WORK ITEM
Using only the entries below, copy exactly the lines that begin at the one with "Dinosaurios en fondant" and end at the one with "Balcony in the", both included. Drop the pictures.

PROVIDED ENTRIES
......

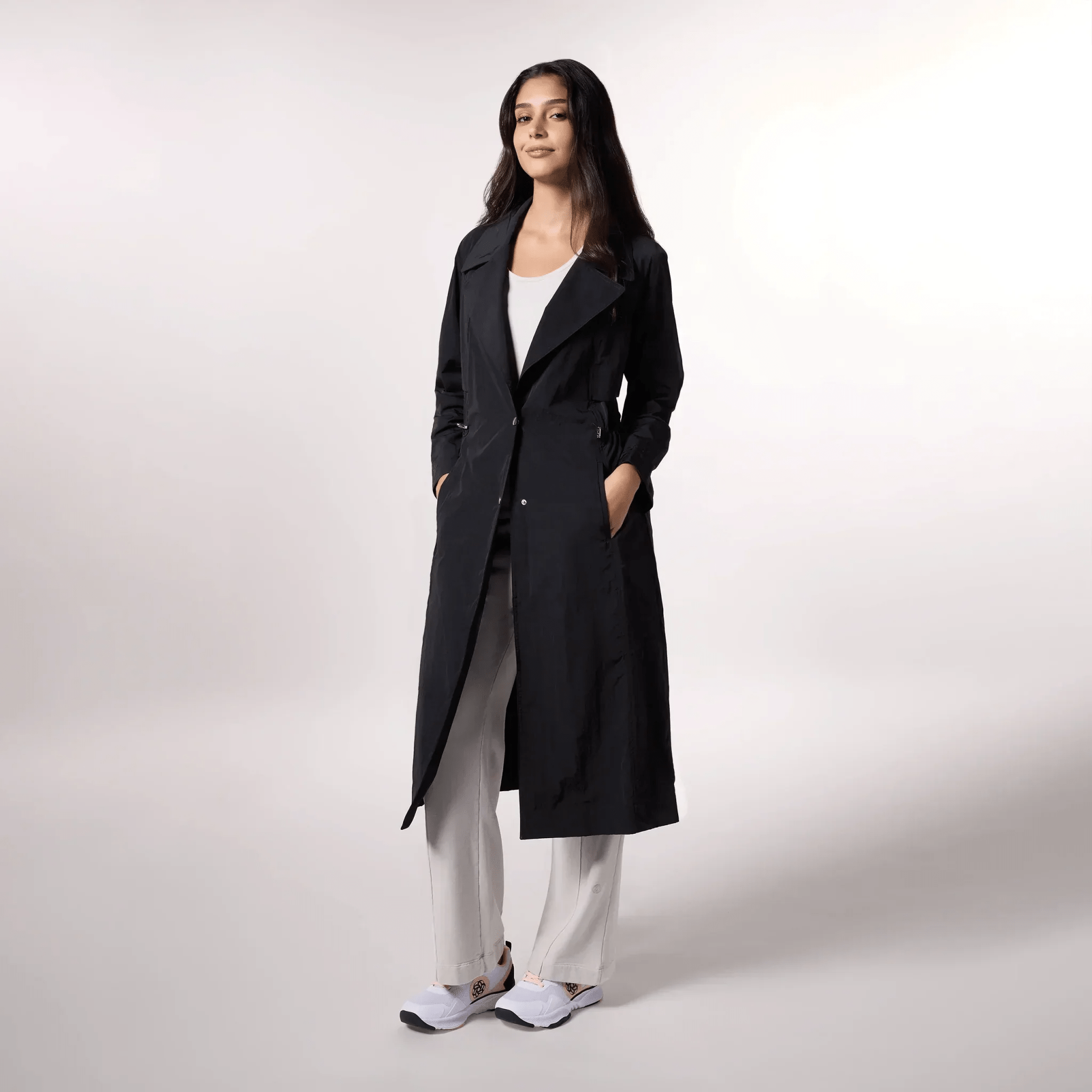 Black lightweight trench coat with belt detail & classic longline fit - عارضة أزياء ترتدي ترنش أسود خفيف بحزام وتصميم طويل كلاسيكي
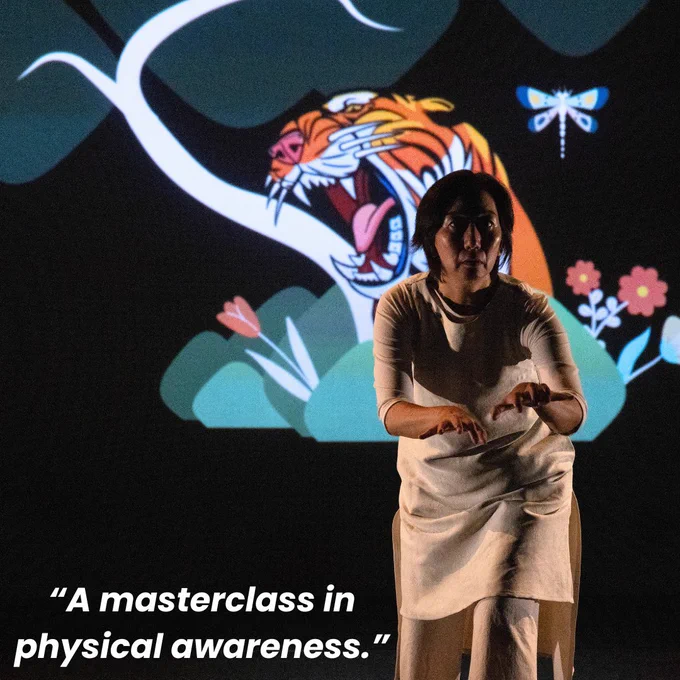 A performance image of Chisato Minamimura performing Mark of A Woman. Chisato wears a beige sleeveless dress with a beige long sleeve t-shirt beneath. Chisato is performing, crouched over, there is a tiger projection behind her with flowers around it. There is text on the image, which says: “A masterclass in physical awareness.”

......

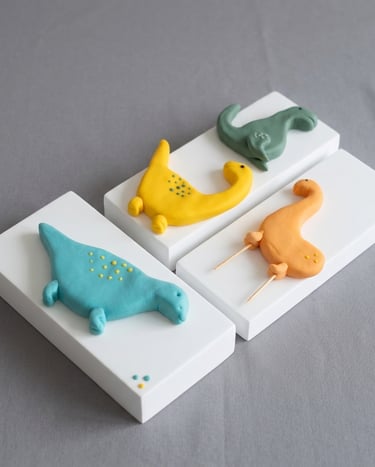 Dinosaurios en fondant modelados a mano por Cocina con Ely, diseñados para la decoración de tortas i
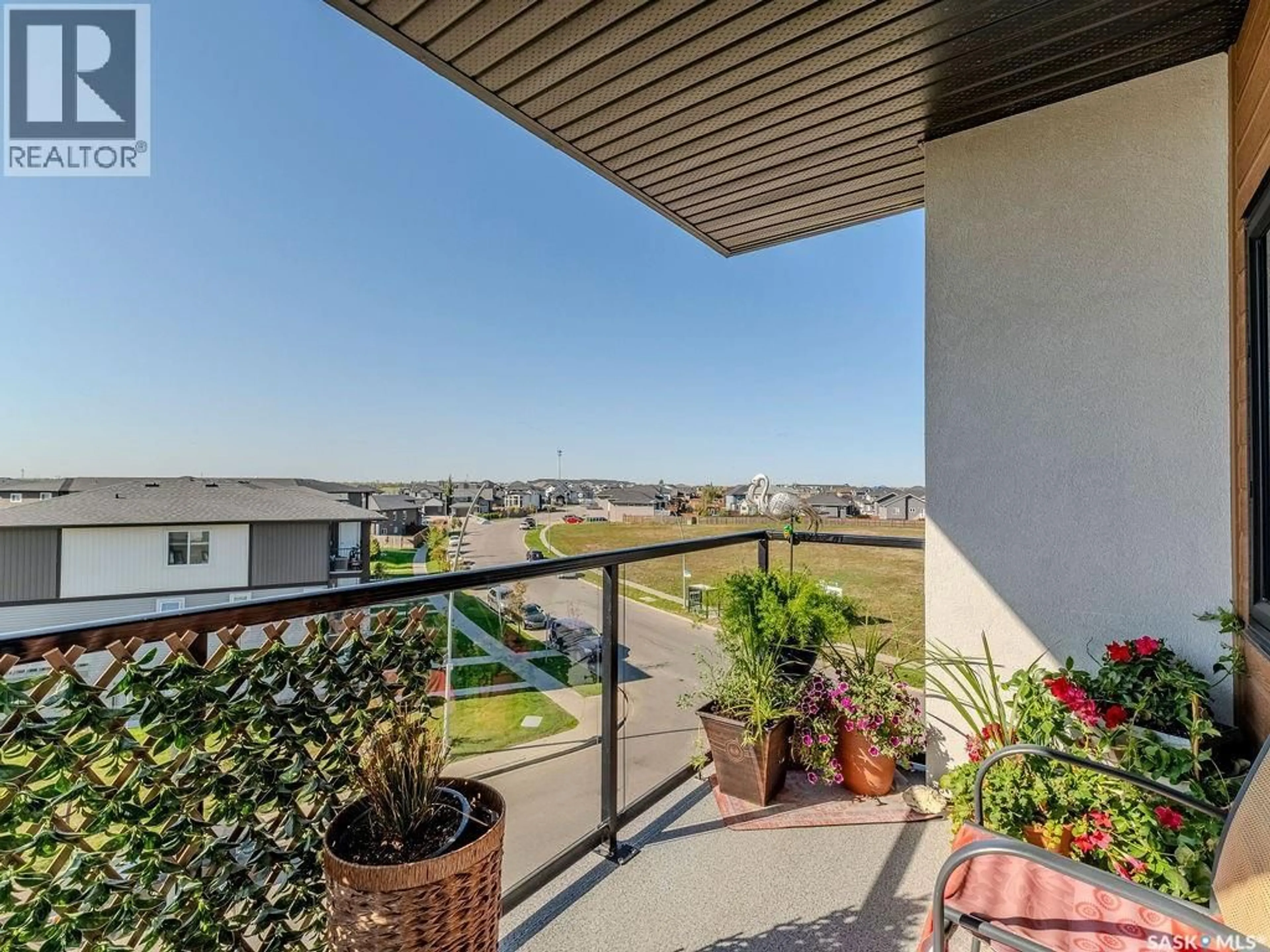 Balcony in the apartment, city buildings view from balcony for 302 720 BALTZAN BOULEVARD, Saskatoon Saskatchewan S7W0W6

......

OUTPUT BELOW
 Dinosaurios en fondant modelados a mano por Cocina con Ely, diseñados para la decoración de tortas i
 Balcony in the apartment, city buildings view from balcony for 302 720 BALTZAN BOULEVARD, Saskatoon Saskatchewan S7W0W6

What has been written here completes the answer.